Harry didn't have a prophetic vision. It was just his imagination.
You seem to be confused about what sort of "vision" Harry had. Here's the passage in question.
"It's not easy, Apparition, and when it's not done properly it can lead to nasty complications. This pair I'm talking about went and splinched themselves."
Everyone around the table except Harry winced.
"Er - splinched?" said Harry.
"They left half themselves behind," said Mr Weasley, now spooning large amounts of treacle onto his porridge. "So, of course, they were stuck. Couldn't move either way. Had to wait for the Accidental Magic Reversal Squad to sort them out. Meant a fair old bit of paperwork, I can tell you, what with the Muggles who spotted the body parts they'd left behind..."
Harry had a sudden vision of a pair of legs and an eyeball lying abandoned on the pavement of Privet Drive.
(Goblet of Fire, Chapter 6, The Portkey).
As Harry Johnston points out, this wasn't intended to be described as a prophetic vision. If you recall, Harry never has any great aptitude at all for Divination or fortune-telling in the books. He wasn't predicting the future. He was letting his imagination run wild and trying to picture what the aftermath of a Splinching might look like.
The meaning of vision in this context refers to
a vivid mental image, especially a fanciful one of the future.
plural noun: visions
"he had visions of becoming the Elton John of his time"
an experience of seeing someone or something in a dream or trance, or as a supernatural apparition.
"the idea came to him in a vision"
Consequently, the 'vision' Harry sees never comes to pass in the later books. It's just a picture that momentarily comes into Harry's mind.
Splinching as a concept does, however, feature in the story. Ron gets splinched.
The moment his eyes fell upon Ron, all other concerns fled Harry's mind, for blood drenched the whole of Ron's left side and his face stood out, greyish white, against the leaf-strewn earth. The Polyjuice Potion was wearing off now: Ron was halfway between Cattermole and himself in appearance, his hair turning redder and redder as his face drained of the little colour it had left.
"What's happened to him?"
"Splinched," said Hermione, her fingers already busy at Ron's sleeve, where the blood was wettest and darkest.
Harry watched, horrified, as she tore open Ron's shirt. He had always thought of Splinching as something comical, but this...his insides crawled unpleasantly as Hermione laid bare Ron's upper arm, where a great chunk of flesh was missing, scooped cleanly away as though by a knife.
(Deathly Hallows, Chapter 14, The Thief).
As does Susan Bones.
Not until the fourth [attempt] did anything exciting happen.

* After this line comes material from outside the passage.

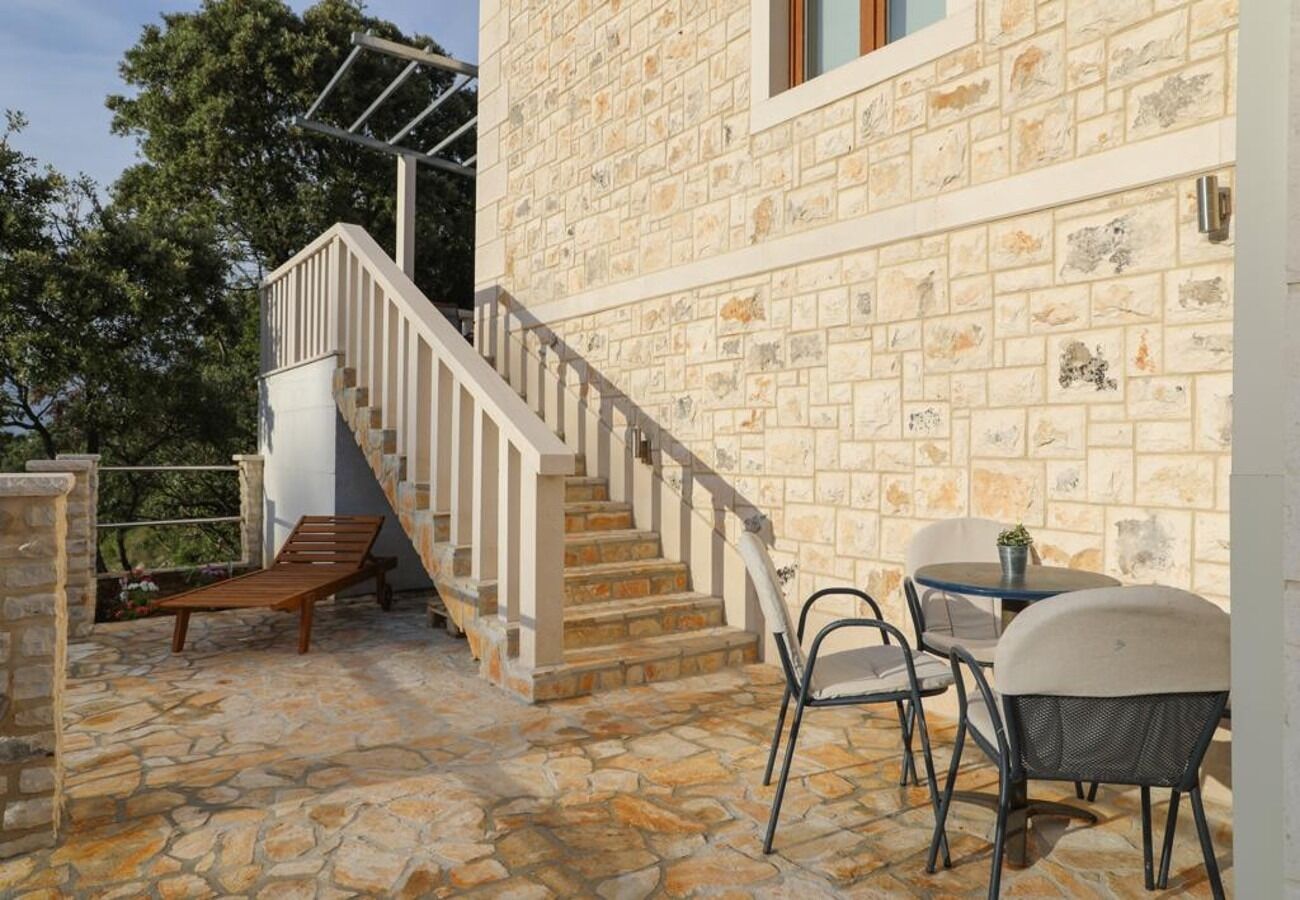 House Irena - Unit 374338-13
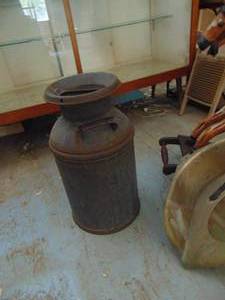 lot 3123 image: 5 Gallon Milk Can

There was a horrible screech of pain and everybody looked around, terrified, to see Susan Bones of Hufflepuff wobbling in her hoop with her left leg still standing five feet away where she had started.

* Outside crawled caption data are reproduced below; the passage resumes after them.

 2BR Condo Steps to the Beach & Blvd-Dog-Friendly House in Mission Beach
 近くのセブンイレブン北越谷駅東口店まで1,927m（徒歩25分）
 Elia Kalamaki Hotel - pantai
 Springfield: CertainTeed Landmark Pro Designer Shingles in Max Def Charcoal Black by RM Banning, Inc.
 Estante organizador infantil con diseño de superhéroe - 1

The Heads of Houses converged on her; there was a great bang and a puff of smoke, which cleared to reveal Susan sobbing, reunited with her leg but looking horrified.
(Half-Blood Prince, Chapter 18, Birthday Surprises).
It's evident from these descriptions that Splinching is a good deal more painful and dangerous than Harry imagines. His idea of Splinching isn't accurate; it's just a casual guess at what it might entail.